For the full year of 2025, the deficit expanded to USD 178.2 billion.

Vietnam's top exports to the U.S. — electronics, textiles, footwear — are largely produced by multinationals with Vietnamese factories.
Samsung, Intel, and Nike all manufacture in Vietnam and ship to America.
Their output counts toward Vietnam's surplus.

The Trump administration is also focused on transshipment.
Some Chinese goods are routed through Vietnam to the U.S. to dodge tariffs — which is why transshipped goods face an even higher 40 percent rate.

What's Still on the Table

Both sides say the deal is nearly done, but several thorny issues remain.

Vietnam has long pushed the U.S. to recognize it as a "market economy."
Washington still classifies Vietnam as a non-market economy, which puts it at a disadvantage in anti-dumping investigations.
Tô Lâm raised the request again during this visit; the U.S. side gave no public response.

State-owned enterprise reform is another unresolved point.
The U.S. wants Vietnam to commit to reducing market distortions caused by SOEs — a demand that touches the core of Vietnam's economic system and won't be resolved quickly.

Then there's high-tech export controls.
Vietnam wants the U.S. to ease restrictions on certain advanced technology exports, a particularly sensitive topic in semiconductors and AI.
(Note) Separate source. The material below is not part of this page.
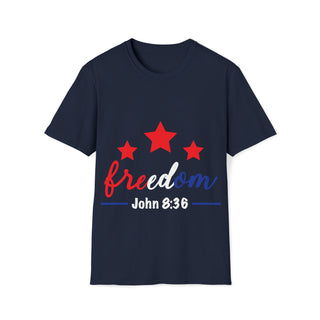 Buy navy Freedom John 8:36 Unisex Softstyle T-Shirt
What It Means for Foreign Businesses in Vietnam

Once the trade deal is formally signed, companies manufacturing in Vietnam for the U.S. market will feel the impact directly.

A 20 percent tariff is much better than 46 percent, but still significantly higher than the near-zero rates of the past.
Higher production costs will show up in pricing, and some orders may shift to other countries.

Transshipment is another risk.
If a company is found to be routing goods through Vietnam, the 40 percent rate is enough to wipe out margins.
The Vietnamese government has already stepped up origin-of-goods inspections.
Businesses need to make sure their supply chains are fully compliant.

The good news: once the agreement is signed, the rules become clear.
Compared to the uncertainty of the past several months, having a defined framework is actually better for long-term planning.